“…done for, there was no way back, the end was here, the absolute end…”
--Leo Tolstoy, The Death of Ivan Illych
A few posts back I noted that I thought reading on a tablet reader would change the way immersive literature would be read, that traditional, plot-driven literature would miss the metaphor and illusion of “edge-to-interior, interior-to-edge” the printed book provides. As book-readers, we appreciate traditional books because we read them in their printed versions. But tablet-style readers will “flatten” our ability to immerse ourselves. On the one hand, this will open new ways of writing. In English, Beckett and Burroughs will most likely emerge as the godfathers of literary abstraction, Markson, Shields, and Danielewski its avatars.
But as they read in digital format, which emphasizes surface-tension, will the next generation of screen-readers understand the deeply running waters of previous literary generations? Will they be able to appreciate it unless they read in the delivery format for which it was intended?
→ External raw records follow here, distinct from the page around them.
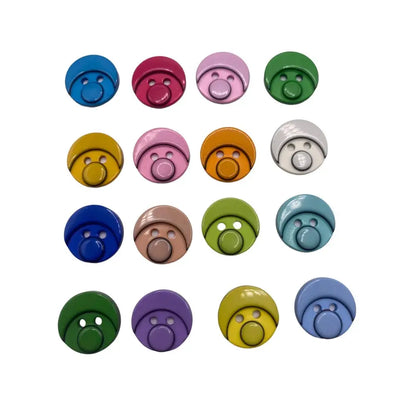 Colorful novelty buttons with pacifier design.
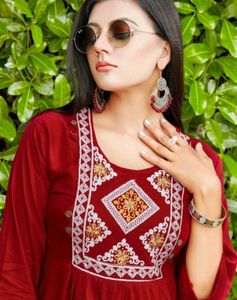 Red Embroidered Short Kurta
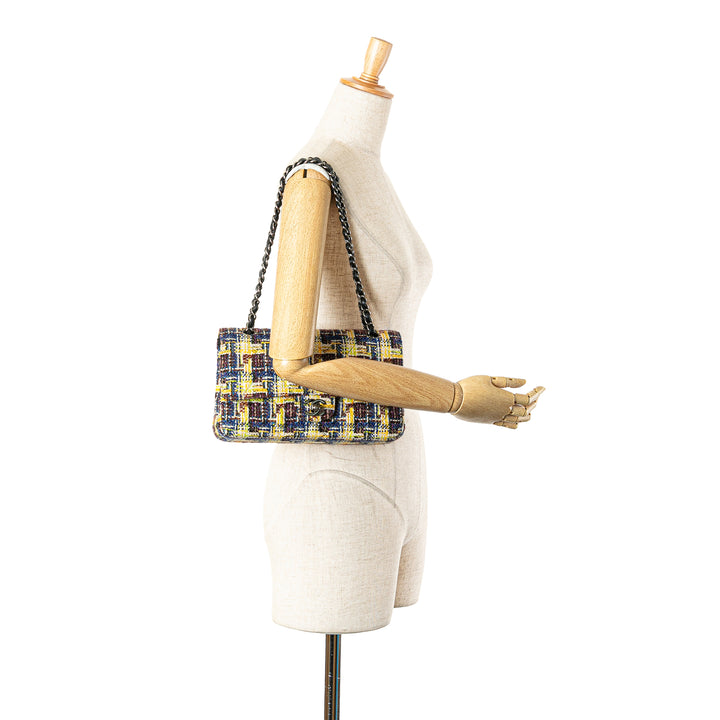 Medium Classic Tweed Double Flap Yellow - Gaby Paris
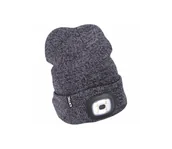 Latarki - Extol - Czapka z czołówką i ładowaniem USB 300 mAh szary roz. UNI - miniaturka - grafika 1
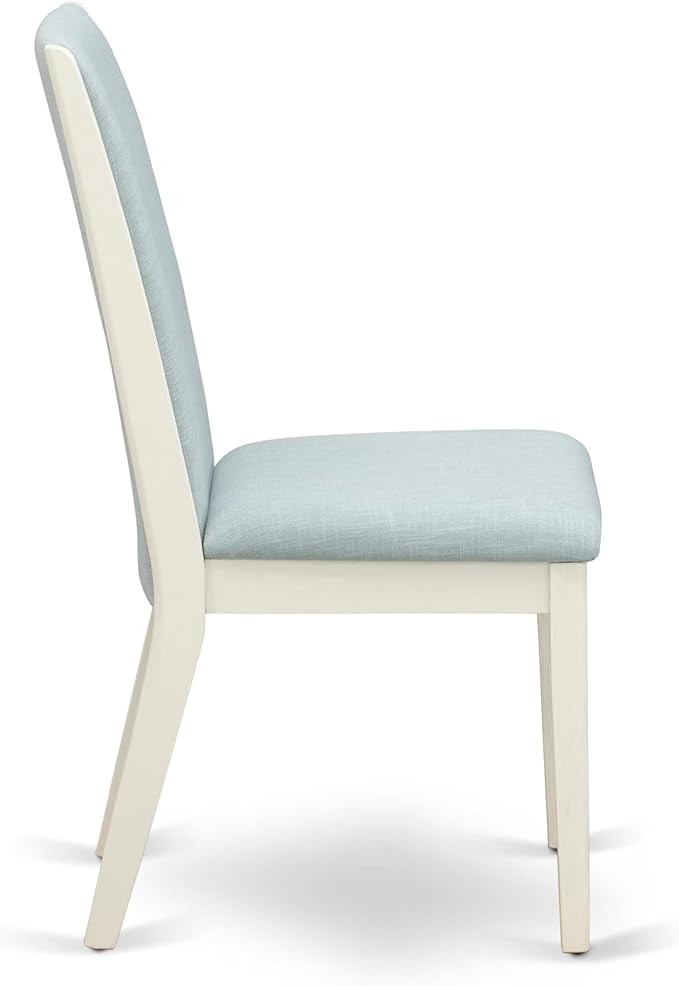 East West Furniture V027LA015-5 5 Piece Dining Room Table Set Includes a Rectangle Kitchen Table with V-Legs and 4 Baby Blue Linen Fabric Parson Dining Chairs, 40x72 Inch, Multi-Color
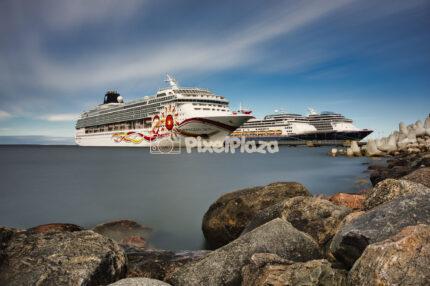 Cruise ships docked at Tallinn Cruise Terminal Estonia long exposure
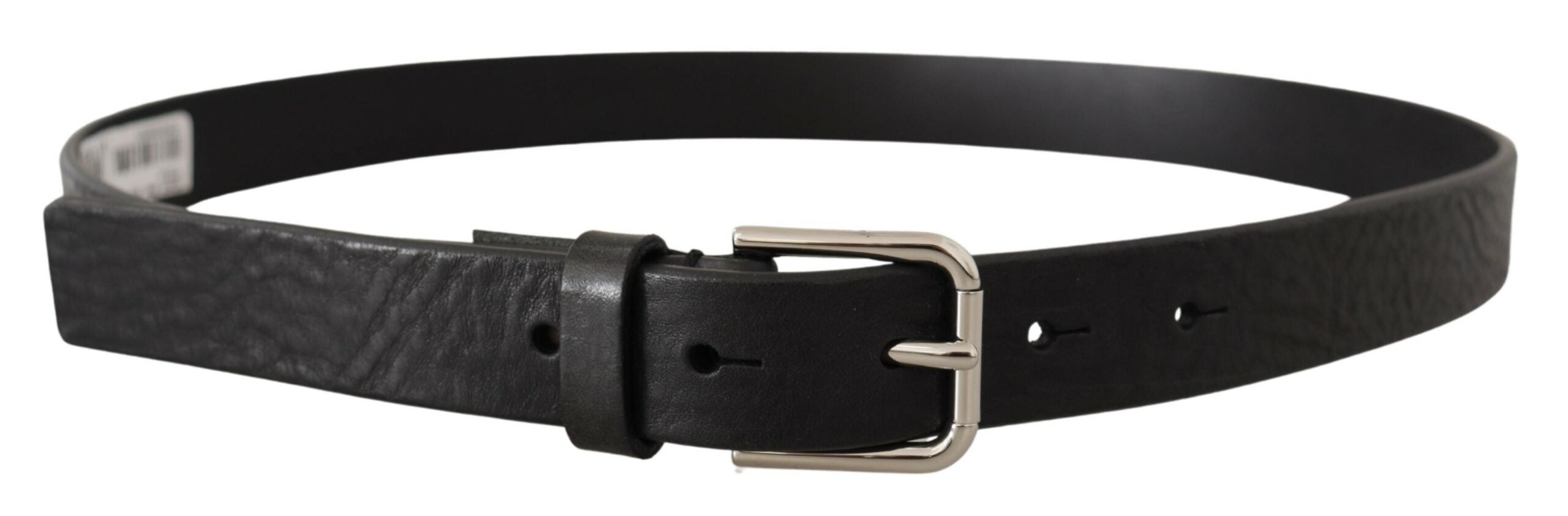 Cinturón Dolce & Gabbana de piel de becerro negra con hebilla metálica y logotipo en tono plateado-3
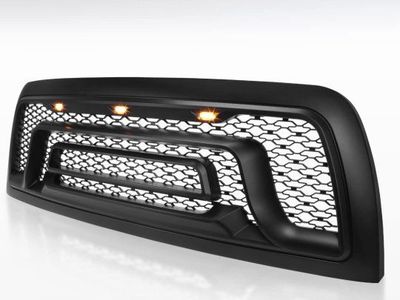 AUTOZENSATION Compatible with 2010-2018 Dodge Ram 2500 3500 Truck, Matte Black Rebel Style Front Grille w/Amber LED Lights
As I wandered through the Bonnard exhibit at the Metropolitan Museum of Art recently, and stared at a Rothko painting in the Smith College Museum of Art yesterday, I was struck by how the former could rail against the frame and the latter ignore it. If you removed Bonnard’s late paintings from their frames, would they retain a strength built on the violence against the frame? If you add a baroque frame to Rothko, will he retain his surface tension? If you force Tolstoy into a different delivery method—an uncomfortable frame—will the reader understand what made past generations appreciate him? Will holding plastic by the fingertips provide the illusion that life is lived within the cover, which feign a natural environment full of transcendental emotion? As we approach the composition of new literature, “life lived within these covers” will not matter, because the literature itself will be abstract. The question is will the illusion of the past be unattainable in the delivery methods of the future?
The next generation of machines may have the ability to create illusion, as did the printed book, or enhance abstraction, the way the current ones do. Or perhaps accomplish both. That way they won’t kill Tolstoy for future generations, and it won’t really be the absolute end.